PTO Guidance on AI and Inventorship

Questions about who, or what, can claim inventorship on AI-assisted inventions have been tested in the last few years. The USPTO has issued a 27-page pdf to give guidance on the question of “how inventorship should be determined in U.S. patents and patent applications when AI, including generative AI, plays a role in the conception and/or reduction to practice of a given invention.”

The short version is that nothing has changed- only natural persons are considered as possible inventors.

That goes for, “joint inventors” or “coinventors” as well. Attempting to list a machine on an Application Data Sheet will be seen as improper inventorship.

Back in 2019, the Patent Office crowdsourced the public’s thoughts on AI-assisted inventions. It published a report on the findings in 2020, and in 2022 and 2023, the PTO held conferences where the major issues were considered.

A recent Executive Order was sent out recognizing the great potential of AI to solve some difficult problems but also calling for guidelines to both encourage a competitive ecosystem and guard against emerging risks. The USPTO guidance is a direct response to that Executive Order.  

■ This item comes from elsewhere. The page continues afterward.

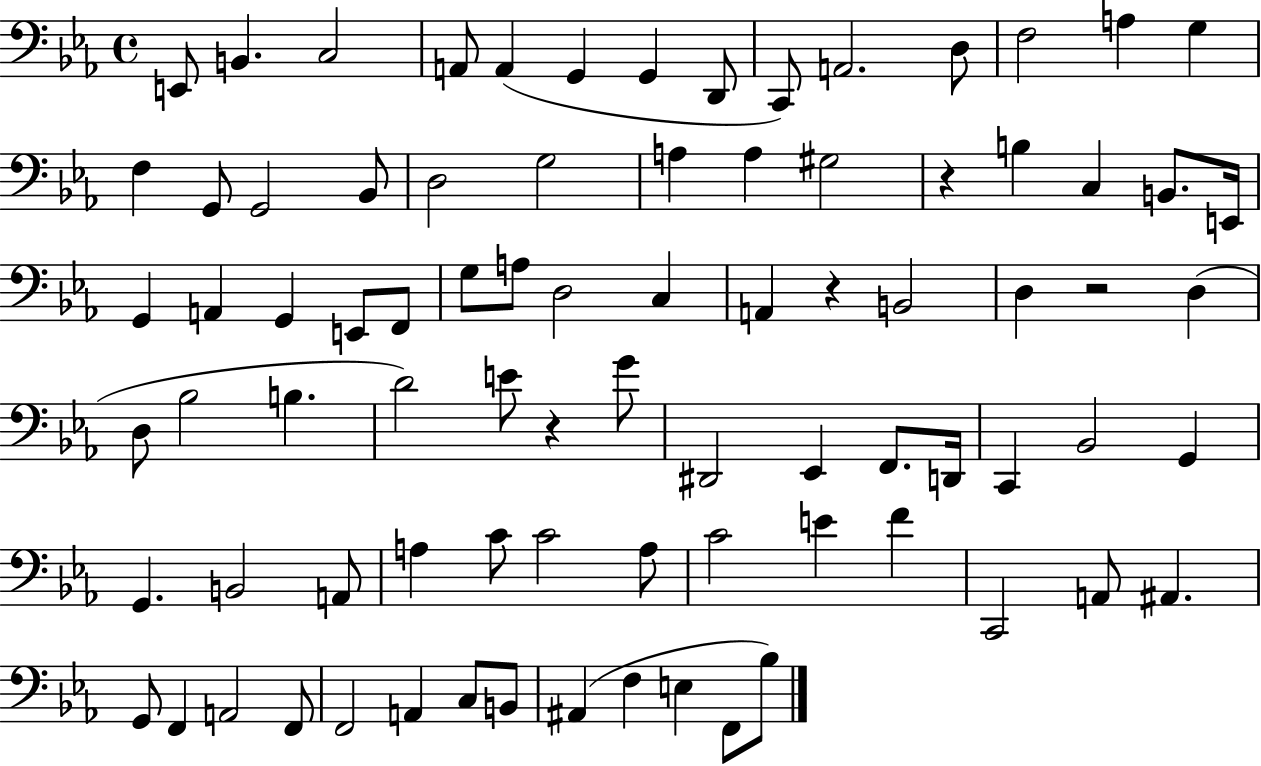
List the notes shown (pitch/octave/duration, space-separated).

E2/e B2/q. C3/h A2/e A2/q G2/q G2/q D2/e C2/e A2/h. D3/e F3/h A3/q G3/q F3/q G2/e G2/h Bb2/e D3/h G3/h A3/q A3/q G#3/h R/q B3/q C3/q B2/e. E2/s G2/q A2/q G2/q E2/e F2/e G3/e A3/e D3/h C3/q A2/q R/q B2/h D3/q R/h D3/q D3/e Bb3/h B3/q. D4/h E4/e R/q G4/e D#2/h Eb2/q F2/e. D2/s C2/q Bb2/h G2/q G2/q. B2/h A2/e A3/q C4/e C4/h A3/e C4/h E4/q F4/q C2/h A2/e A#2/q. G2/e F2/q A2/h F2/e F2/h A2/q C3/e B2/e A#2/q F3/q E3/q F2/e Bb3/e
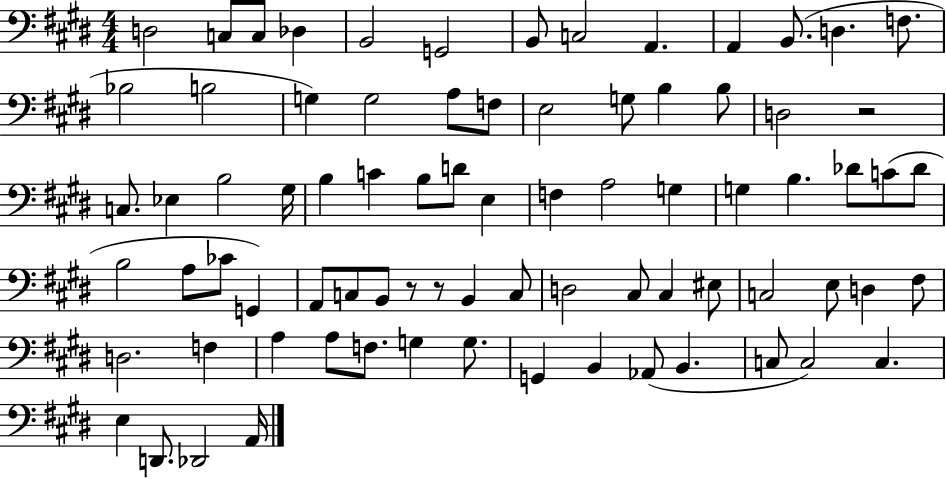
D3/h C3/e C3/e Db3/q B2/h G2/h B2/e C3/h A2/q. A2/q B2/e. D3/q. F3/e. Bb3/h B3/h G3/q G3/h A3/e F3/e E3/h G3/e B3/q B3/e D3/h R/h C3/e. Eb3/q B3/h G#3/s B3/q C4/q B3/e D4/e E3/q F3/q A3/h G3/q G3/q B3/q. Db4/e C4/e Db4/e B3/h A3/e CES4/e G2/q A2/e C3/e B2/e R/e R/e B2/q C3/e D3/h C#3/e C#3/q EIS3/e C3/h E3/e D3/q F#3/e D3/h. F3/q A3/q A3/e F3/e. G3/q G3/e. G2/q B2/q Ab2/e B2/q. C3/e C3/h C3/q. E3/q D2/e. Db2/h A2/s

The USPTO, while affirming that inventors must be natural persons, does acknowledge that “AI systems could perform acts that, if performed by a human, could constitute inventorship under existing U.S. patent law”. It also states that “AI-assisted are not categorically unpatentable, but inventorship analysis should focus on human contributions as patents function to incentivize and reward human ingenuity”.

The stress is that the U.S. patent system is designed to encourage human ingenuity.

Some of the guiding principles in determining AI-assisted inventorship include:

  • A natural person’s use of an AI system in creating an AI-assisted invention doesn’t negate the person’s contribution as an inventor.
  • Merely recognizing a problem doesn’t rise to the level of conception. A natural person who only presents a problem to an AI system may not be a proper inventor.
  • Reducing an invention to practice alone is not a significant contribution that rises to the level of inventorship.
  • A natural person who designs, builds, or trains an AI system in view of a specific problem to elicit a particular solution could be an inventor, if that person’s contribution was significant.
  • Maintaining intellectual domination over an AI system does not, in itself, make a person an inventor of any inventions created through the use of AI. Simply owning the system doesn’t make the person an inventor.

The guidance also stresses the duty of being forthcoming about the contributions that humans made in an AI-assisted inventions.

The discussion in the guidance clearly references Stephen Thaler and his attempts to get his DABUS system recognized as an inventor. The issues at stake for the PTO are that the patent system is conceived as an incentive and encouragement for human ingenuity and stimulus to sharing of knowledge. Including an AI system as an inventor isn’t going to stimulate more ingenuity in the AI system, so there is no point in it.

Nor is an AI system going to seek protection from infringement on any hypothetical patents to its name.

The rest of the guidelines are trying to find the balance between the input of human and machine in the process of innovation.